2 cups very thinly sliced roast pork
2 tablespoons soy sauce
1 large garlic clove, minced
2 teaspoons fish sauce
1 baguette, about 24 inches long, split lengthwise
1/4 cup mayonnaise
1 small cucumber, peeled and thinly sliced lengthwise
2 carrots, peeled and thinly sliced or shredded
1 small red onion, thinly sliced
1 jalapeƱo chili, seeded and thinly sliced or minced
1/4 cup chopped fresh cilantro

In a small bowl, toss the pork with the soy sauce, garlic and fish sauce. Let stand for 5 minutes.

Spread the cut sides of the baguette with the mayonnaise. Layer the pork, cucumber, carrots, onion, chili and cilantro on the bottom half of the baguette. Close the sandwich with the top half of the baguette and cut on the diagonal into 4 individual sandwiches.

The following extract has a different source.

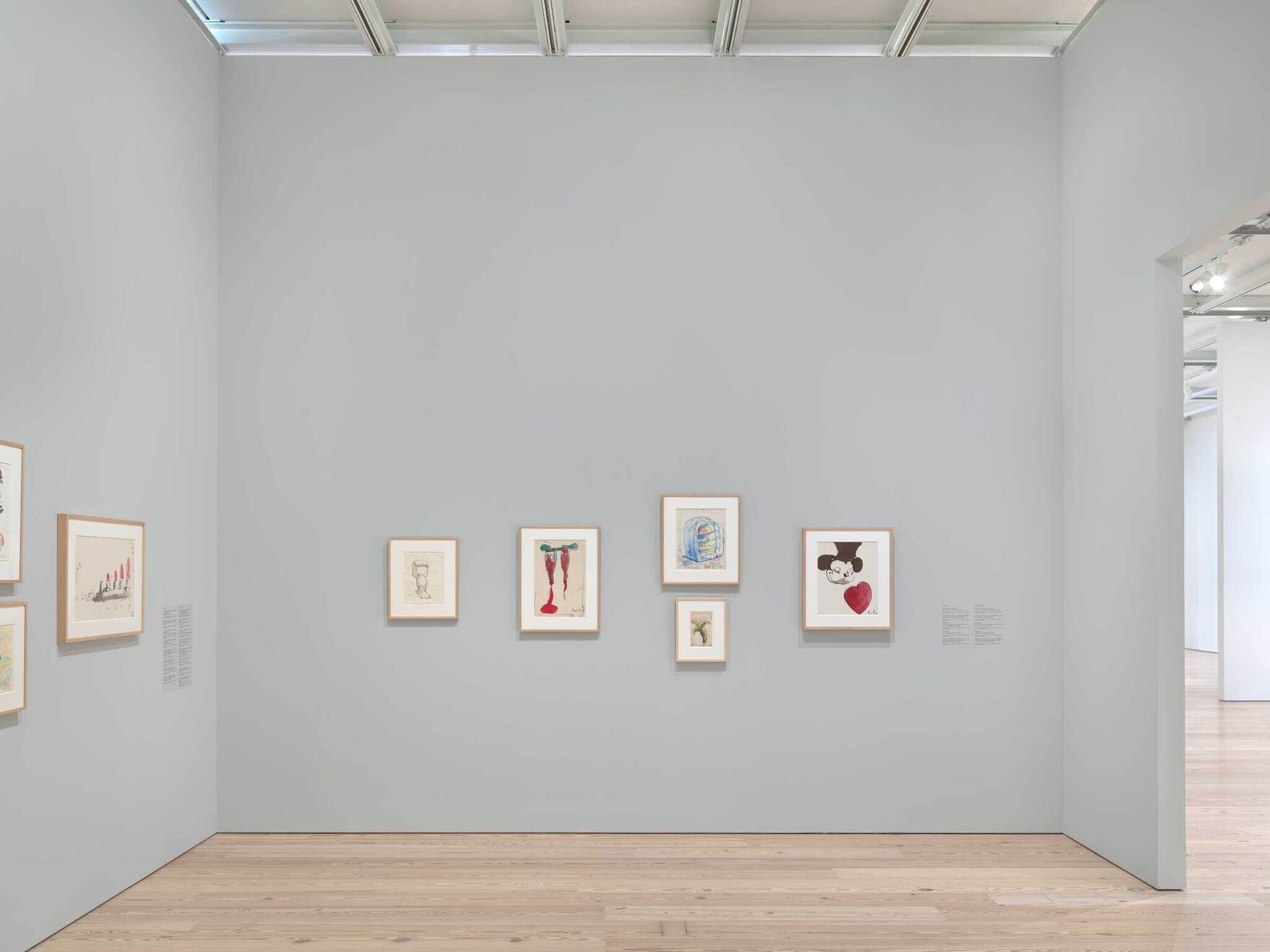 Five framed drawings hang on a light gray gallery wall, each showing different abstract or cartoon-like figures.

This is one of my favorite sandwiches. It's all the ingredients you know and love in a new and fantastic order. I highly suggest all the work that it takes. This is a fantastic new twist on flavor!

Banh Mi Thit Nuong translates into Bread with Grilled Pork. I grew up in a neighborhood with a large Vietnamese population. This is actually one of the languages I picked up - nothing extensive - but enough to get me politely through ordering it in the restaurants where english was definitely not a first language.

Course, you have to laugh, I'm a tall white girl in an Asian only sandwich shop. I stick out like a sore thumb. So when I say "Hai Banh Mi Thit Nuong, Mot Pho Tai, Mot Pho Ga, Kham Un"....it always garners a cute twittering laugh of surprise. I love it. It's a nice bridging of the culture gap.

One time the store owner brought me a dish of what was similar to Egg Foo Yong. I don't know what it's called to this day. It wasn't on a menu. But my God, it was heaven. They tried telling me, but I tell you what, you say one little inflection wrong in Vietnamese, and you're telling someone bad things about their mother and you're no longer welcome! ;)

I highly suggest making Pho for the side of this. That's traditional Vietnamese soup. I'll post my recipe for that sooner or later. It's a lovely beef broth and rice noodle soup. Again, complicated flavors from simple known ingredients and voila! impressed all over again.